Saturday, February 15, 2014

God is in the Trees.




I had a dream the other night I cannot shake. It wasn't happy or even a tad scary. Nor was it the typical scenario where I'm frustrated or lost or reliving past anxieties. It's tone and tenor and sense of wonderment was exhilarating.

It was about trees.

Trees have been on my mind for the last month. Snow storms have been battering my house and corner of the world. Over 700,000 people in my state lost power due to tree limbs, overtaxed by brittle ice, snapping power lines. Wind gusts toppled stately pines throughout the region, and a fractured Cyprus branch from my neighbor's yard collided with my shed roof. (The roof is still intact.) A large branch from the very top of the Holly tree in my backyard snapped and fell like a javelin, impaling the frozen ground beneath it. And the 40 foot Maple tree in the front yard, which I had reinforced last summer with cables in the upper branches and bolts through the dual trunk, shook and twisted furiously, as each frigid storm pummeled it with sleet and snow.

My wife and I began to wonder if we should have the Maple tree removed. Its branches extend over parts of the house and the street. If one of them should break, it could be serious.

And yet, the Maple tree has been my companion and house guardian for the 37 years that we've lived here. Its bark is a wrinkled elephant grey, its shade cool and welcome in the summer. Birds grace its branches even as they poop on my cars. And the fall is a riot of red and orange leaves that become the mulch for our rear garden.

I went to sleep the other night, weighted with the thought of cutting down the Maple.

And then, something remarkable happened. I dreamt of trees. Not my Maple tree. I dreamt of trees throughout the world. Glens and forests on moors and mountain sides. Canadian wilderness and tropical rain forests stretched before me.

And then, I heard a voice. It said, "God is in the trees."

It wasn't my voice. It filled the sky and my vision and my heart.

I do not take drugs and don't drink. I have never had a revelation. But, if I lived during those times when dreams foretold miraculous births and included visits from celestial creatures, I might've believed I had. Freud would tell me that it was my conscience. Odd that it has such a strong voice and waited 66 years to reveal itself. The theological implications of "God is in the trees" has been resonating inside me.

Antoine de Saint-Exupery wrote: "The tree is more than just a seed, then a living trunk, and then dead timber. The tree is a slow, enduring force straining to win the sky."

My wife and I still have to make a decision. Safety comes first.

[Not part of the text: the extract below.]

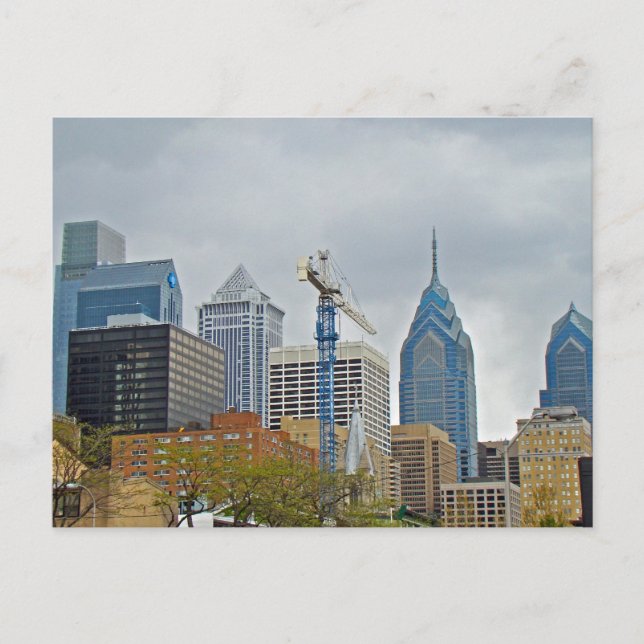 Philadelphia Skyline from the River Walk Postcard (Front)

But the life force that flows through my guardian is not unlike my own. We both have wrinkles, both seek to stand tall and straight. Storms may try to make us fall. Through all of this, I will try to remember the words of Henry Wadsworth Longfellow:

"I hear the wind among the trees
Playing the celestial symphonies;
I see the branches downward bent
Like the keys of some great instrument."